WARC I/O

Utilities for working with WARC files in Apache Beam.

class resiliparse.beam.warcio.ReadAllWarcs(warc_args=None, with_filename=True, freeze=True, always_keep_meta=False)

Bases: PTransform

Read WARC records from a given PCollection of FileMetadata objects.

Parameters:
  • warc_args (Dict[<class 'str'>, Any]) – arguments to pass to fastwarc.warc.ArchiveIterator

  • with_filename (bool) – keep the input filename as a key (otherwise return only the record)

  • freeze (bool) – freeze returned records (required if returned records are not consumed immediately)

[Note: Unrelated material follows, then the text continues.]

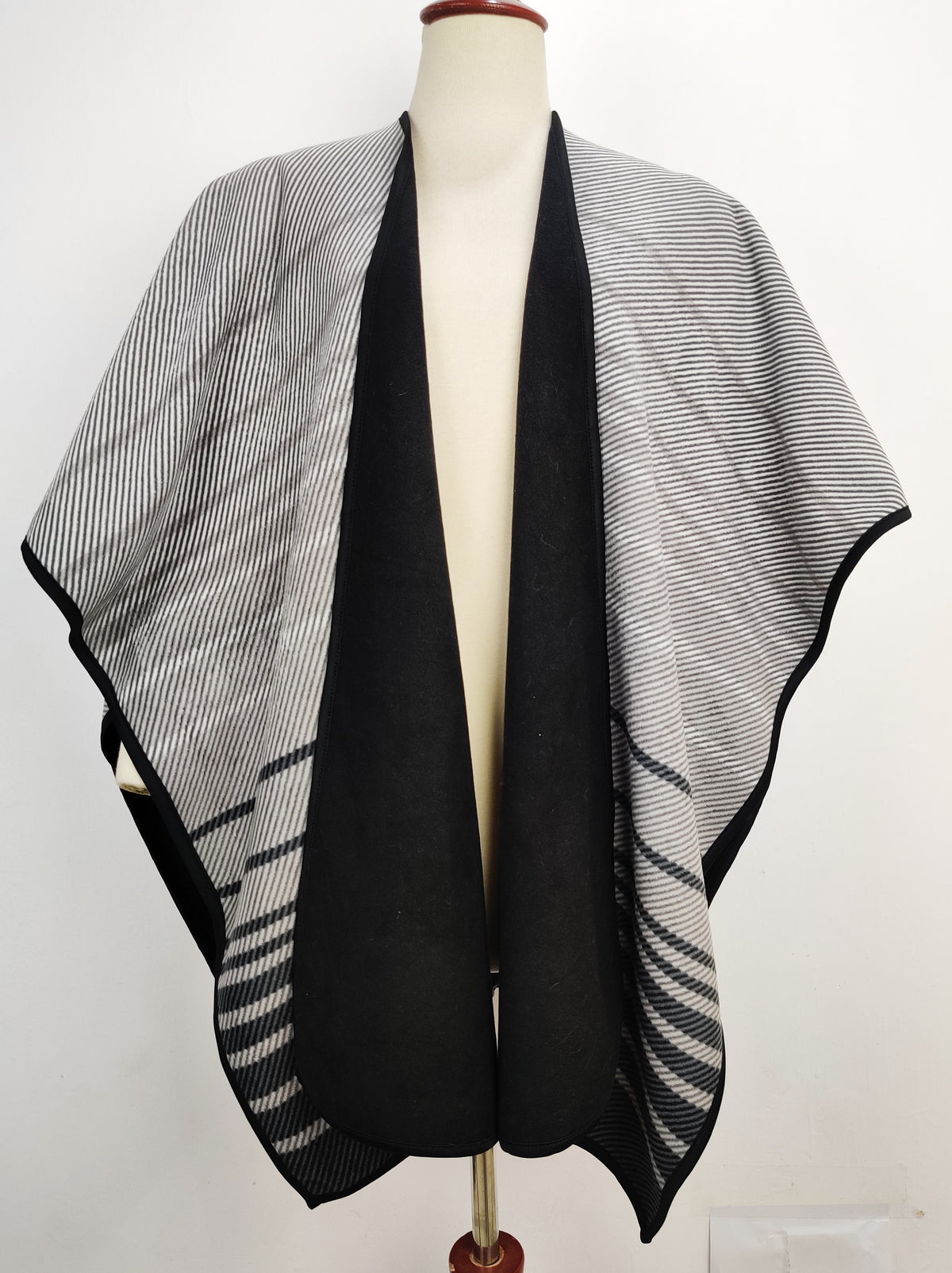 Buy online pre-used pre-loved 100% authentic & Original branded Ike Behar (CS-1970) available in Pakistan. Top international brands avilable.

  • always_keep_meta (bool) – always return record metadata, even if they exceed max_content_length (from warc_args), but strip them of their payload

class resiliparse.beam.warcio.ReadWarcs(file_pattern, warc_args=None, with_filename=True, freeze=True, always_keep_meta=False, shuffle_files=False)

Bases: PTransform

Read WARC records from files matching a glob pattern.

Parameters:
  • file_pattern (str) – input file glob pattern

  • warc_args (Dict[<class 'str'>, Any]) – arguments to pass to fastwarc.warc.ArchiveIterator

  • with_filename (bool) – keep the input filename as a key (otherwise return only the record)

  • freeze (bool) – freeze returned records (required if the records are not consumed immediately)

  • always_keep_meta (bool) – always return record metadata, even if they exceed max_content_length (from warc_args), but strip them of their payload

  • shuffle_files (bool) – shuffle matched file names (useful if Beam runner does not support automatic shuffling of input source splits)